Russian President Putin Says Free Grain Exports To Africa To Begin In ‘Weeks’

After cancelling a pact that allowed Ukrainian food shipments over the Black Sea, Russian President Vladimir Putin declared on Monday that Moscow is just weeks away from sending free grain to six African countries.

His remarks came during a press conference with Turkish President Recep Tayyip Erdogan in the Black Sea resort city of Sochi, only hours after Russian military bombarded one of Ukraine’s important grain-exporting centers with a swarm of assault drones overnight.

Erdogan informed Putin that Turkey and the UN had prepared new suggestions to address Russia’s concerns about the accord, and that he hoped to reach an acceptable solution “soon.”

However, Putin stressed that Russia would only return to the historic agreement if its conditions were honored, and instead provided specifics on the plan for exports to Africa.

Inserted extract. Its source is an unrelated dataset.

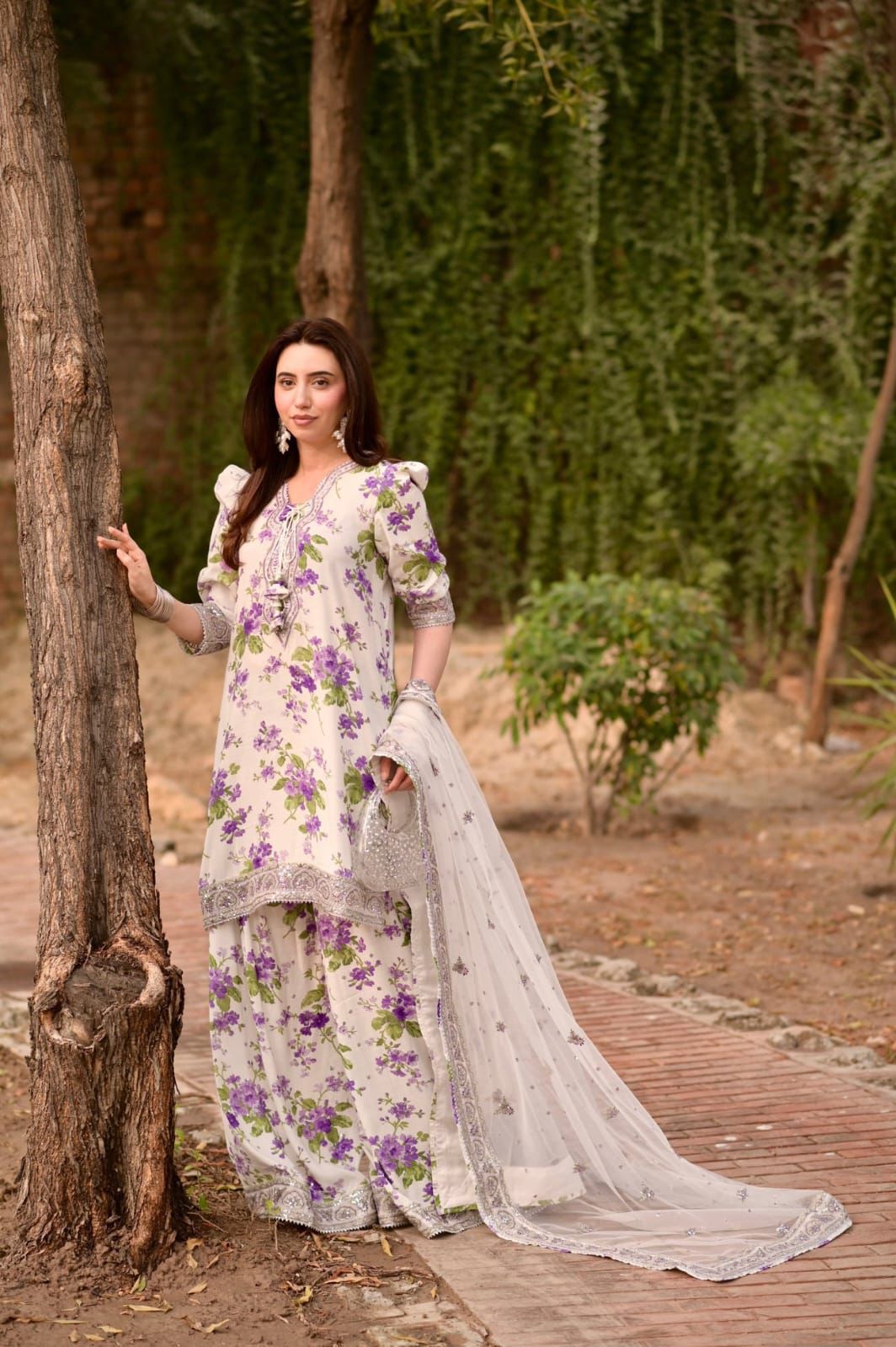 3 Piece Embroidered Summer Collection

“We are close to completing agreements with six African states, where we intend to supply foodstuffs for free and even carry out delivery and logistics for free,” Putin said.

“Deliveries will begin in the next couple of weeks.”

The UN-brokered agreement, which meant to assure safe passage of civilian ships through the Black Sea, fell apart after Russia withdrew in July.

Since then, tensions in the region have risen, with Russia attacking Ukrainian export centers and Kyiv’s army targeting Moscow’s naval ports and vessels.

Drone Barrage 

Earlier on Monday, Russia said it destroyed four Ukrainian military boats built in the United States that were transporting troops to the Crimean peninsula, which Moscow annexed in 2014.

In Sochi, Erdogan stated that there is no alternative to the original grain deal and that Ankara is working with the UN to address Russia’s complaints that Western sanctions are impeding its fertiliser exports.

“We have prepared a new proposal package in consultation with the UN. I believe that it is possible to get results. I believe that a solution that will meet Turkey’s expectations will be reached soon,” Erdogan said.

Since the accord fell through, Moscow has frequently assaulted Ukrainian ports, which Kyiv accuses of being a cynical attempt to harm its exports and threaten global food security.

According to Ukrainian officials, the Russian drone attack on Monday hit a grain export hub on the Danube river, causing damage to warehouses and agricultural equipment.

Oleg Kiper, the area governor, stated that air defense systems had shot down 17 drones.

Ukraine’s foreign ministry said Monday that several of the drones used in the attack had landed on Romanian territory, which Bucharest “categorically” denied.

While the majority of the fighting in Ukraine has occurred within its borders, Kiev has occasionally alleged that Russian munitions have fallen into European countries, assertions that its NATO partners have mainly ignored.

“At no time did the means of attack used by the Russian Federation pose a direct military threat to Romania’s national territory or territorial waters,” the Romanian defence ministry said.

Ukraine’s military said Russia had used Iranian-made Shahed drones in the “massive” overnight attack.

Ukraine’s Attack ‘A Failure’ 

The strikes come a day after Ukraine fought back against a barrage of Russian drones in the same area, with Moscow’s army claiming the attacks targeted gasoline storage facilities in the adjacent port of Reni.

Meanwhile, Ukrainian Defense Minister Oleksiy Reznikov announced his resignation to parliament on Monday, after President Volodymyr Zelensky called for “new approaches” to counter Russia’s offensive.

Reznikov’s dismissal comes after various corruption scandals rocked the Ukrainian defense ministry, and the Ukrainian leader fired senior military recruitment officials around the country.

“It was an honour to serve the Ukrainian people and work for the (Ukrainian army) for the last 22 months, the toughest period of Ukraine’s modern history,” he added.

His departure comes amid a closely watched Ukrainian counteroffensive in the country’s south and east, which officials acknowledged Monday had made minimal progress.

However, Putin said in Sochi on Monday that the counteroffensive to recapture Ukrainian territory lost to Moscow had eventually failed.

“It is not that it is stalling. It is a failure,” Putin said. “At least today this is what it looks like. Let’s see what happens next.”

Earlier on Monday, Ukraine’s Deputy Defense Minister Ganna Malyar said Russian forces were “on the defensive in the Zaporizhzhia and Kherson sectors,” referring to two southern territories Moscow claimed to have annexed last year.

She went on to say that Ukrainian forces had also taken three square kilometers (about one square mile) near Bakhmut, a town in the east taken by Russia in May.